If you use an IDE, you're IDE most likely already has integration for Rust via it's package manager or plugin system

Visit this website to get a sense of the current state of IDE support.


What does Rust look like?

Rust comes from the C family of programming languages so it's syntax will probably already be familiar to you, comments and delimiters included.

However, as you walk up Rust's abstraction stairs, you may find some doors that look unfamiliar. I'll cover those in just a bit.


Applications

All Rust code is run as an executable binary application. These application are compiled down programs specialized to run on your native operating system. Rust calls these compilation "targets".

An application is nothing more than a program with a main function.

fn main() {
  // code goes here
}

If you are new to functions, don't worry.

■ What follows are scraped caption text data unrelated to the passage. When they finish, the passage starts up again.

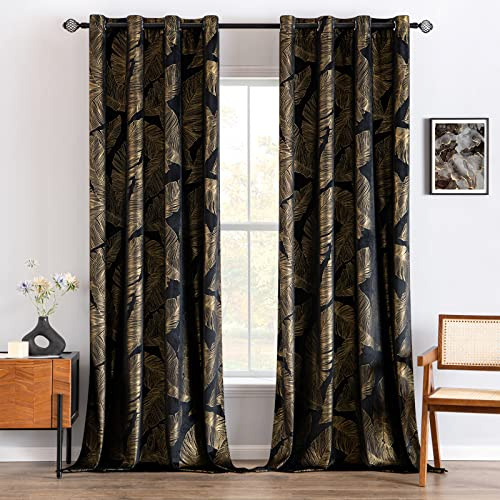 MIULEE Samt Vorhänge mit Goldfolie Blätter Muster, 2 Stück Schwarz Gardinen mit Ösen, Jedes 228 cm Hoch, Superweich, Blickdicht für Wohn- und Schlafzimmer Deko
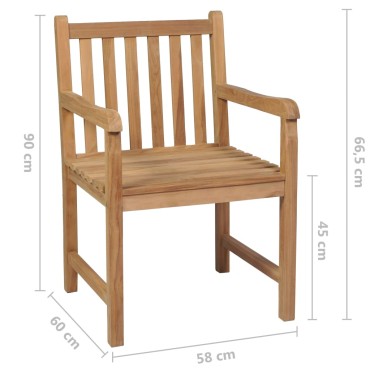 vidaXL Καρέκλες Κήπου 6 τεμ. από Μασίφ Ξύλο Teak με Taupe Μαξιλάρια 58x60x90cm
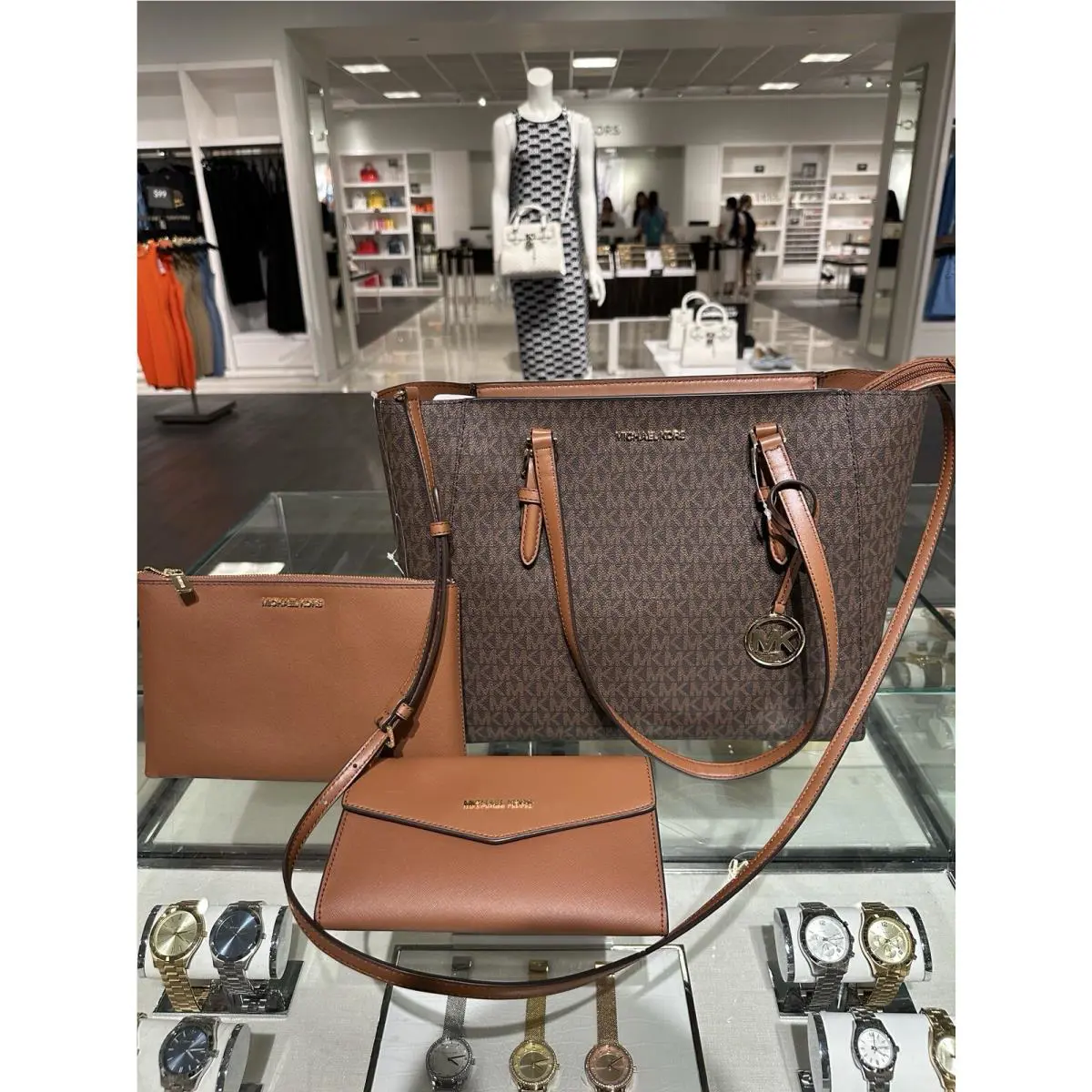 Michael Kors Charlotte Large 3 IN 1 Tote Shoulder Handbag Bag + Clutch MK Brown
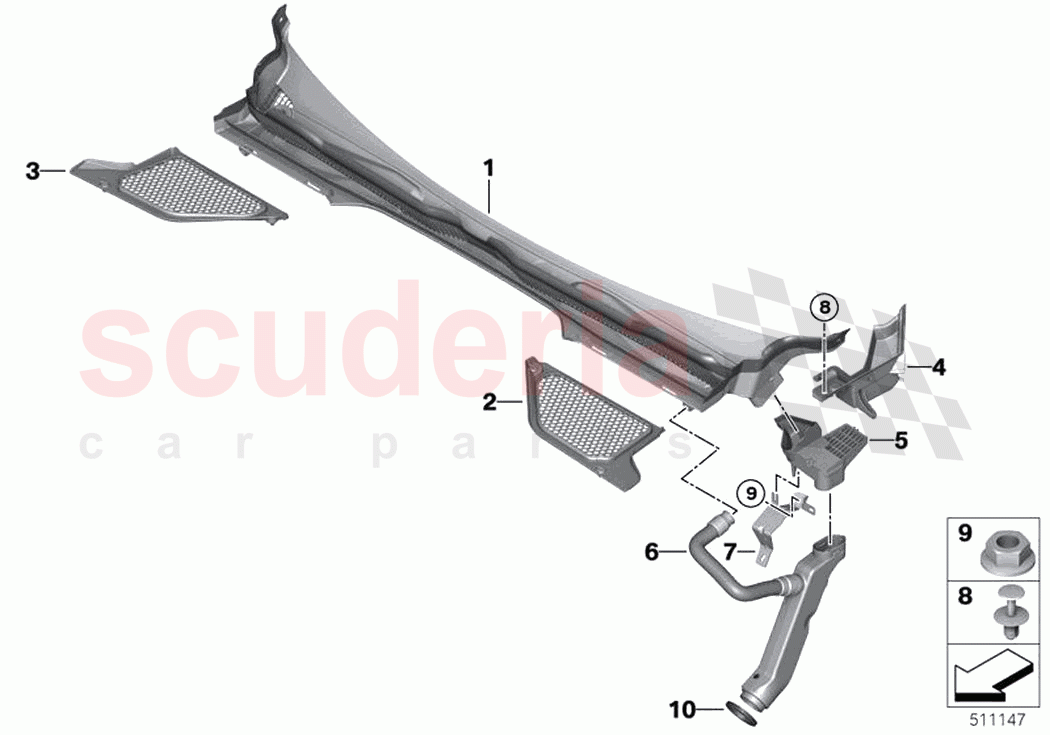 Trim panel cowl panel exterior of Rolls Royce Rolls Royce Ghost RR21(2019-2023)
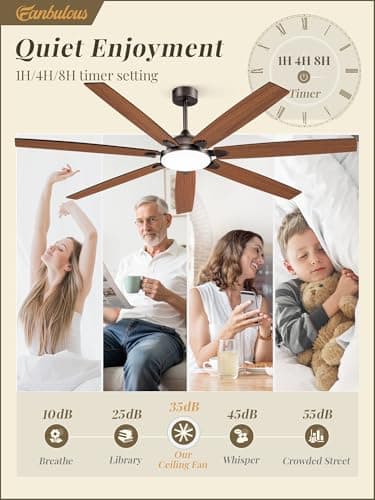 Fanbulous 72 Inch Large Ceiling Fans with Lights,Oil Bronze Modern Ceiling Fan with Quiet DC Motor, 3CCT, Indoor/Outdoor Ceiling Fan with Dual Finish Reversible 7 Blades, Timer for Living Room, Patio - Thumbnail 5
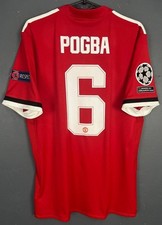 PAUL POGBA MEN FC MANCHESTER UNITED 2017/2018 UEFA SOCCER FOOTBALL SHIRT SIZE XL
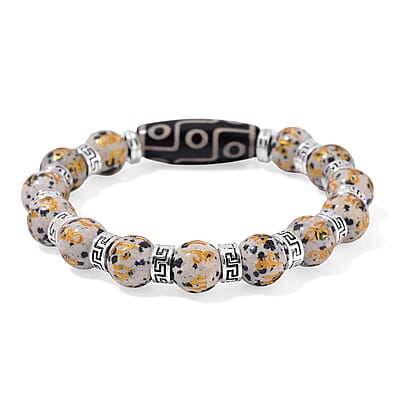 Nine Eyed Agate Dzi Beads and Dalmation Jasper 135 ctw Feng Shui Beaded Stretch Bracelet in Silvertone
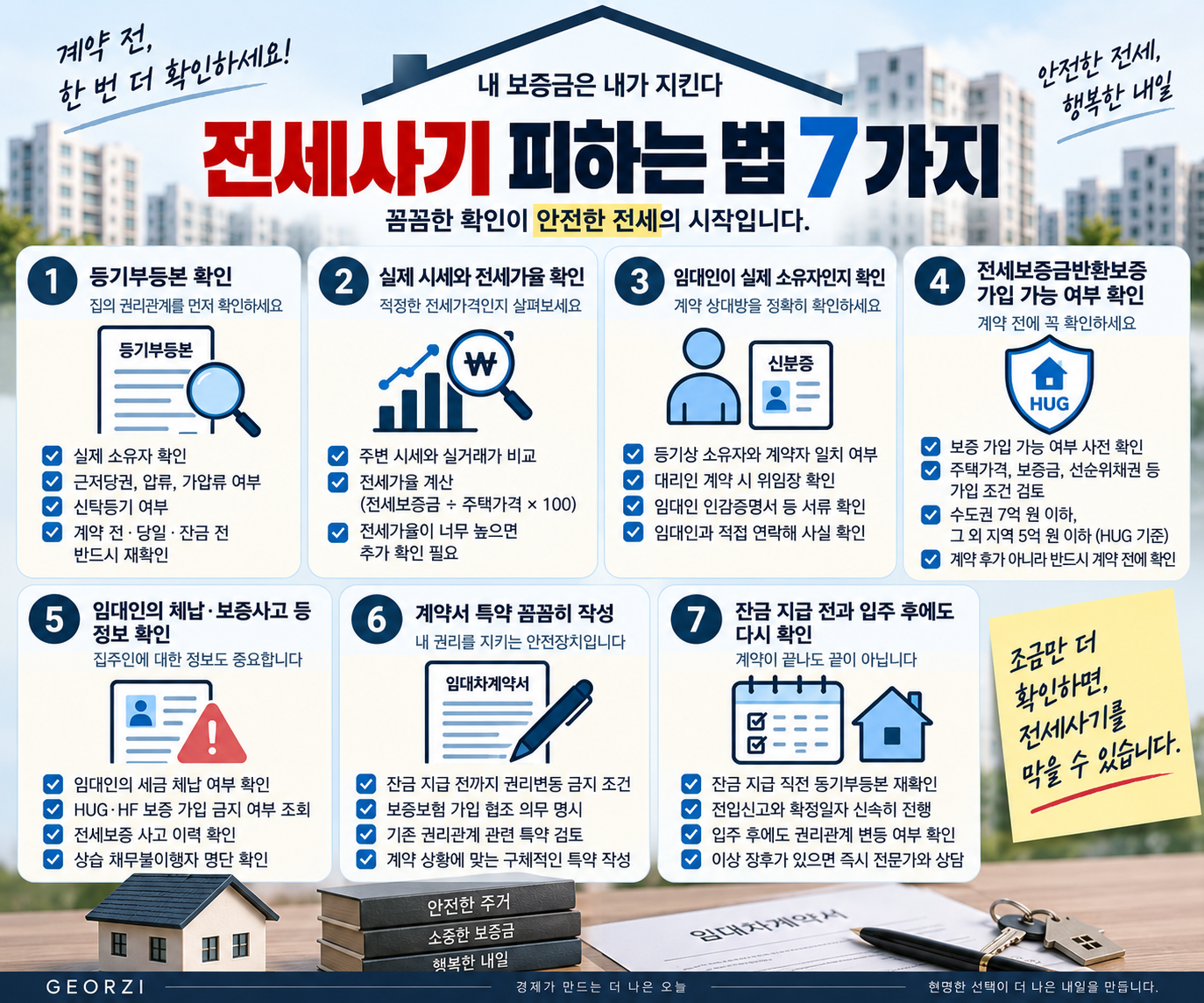 전세사기 예방을 위해 계약 전에 확인해야 할 등기부등본, 전세가율, 임대인 정보, 전세보증금반환보증, 특약 등 7가지 체크사항을 정리한 인포그래픽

I'll explain that in more detail in just a bit. For now, just note that this is all you need to for the minimal Rust application.


Bootstrapping and running applications

While you could compile simple programs with rustc, Rusts native compiler, and run them, you can afford yourself a greater velocity in future development using a higher level workflow. Cargo is the tool that will provide that workflow.

cargo is Rust's official build tool. Cargo also makes it easy to bootstrap applications.

$ cargo new --bin hello

This should have generated a directory called hello with some files inside.

$ ls hello/**
hello/Cargo.toml

hello/src:
main.rs

The files with .rs extensions are source files that contain Rust code.

Step into the hello directory and run cargo run

You should see something like this

$ cargo run
   Compiling hello v0.1.0 (file:///private/tmp/hello)
    Finished dev [unoptimized + debuginfo] target(s) in 0.87 secs
     Running `target/debug/hello`
Hello, world!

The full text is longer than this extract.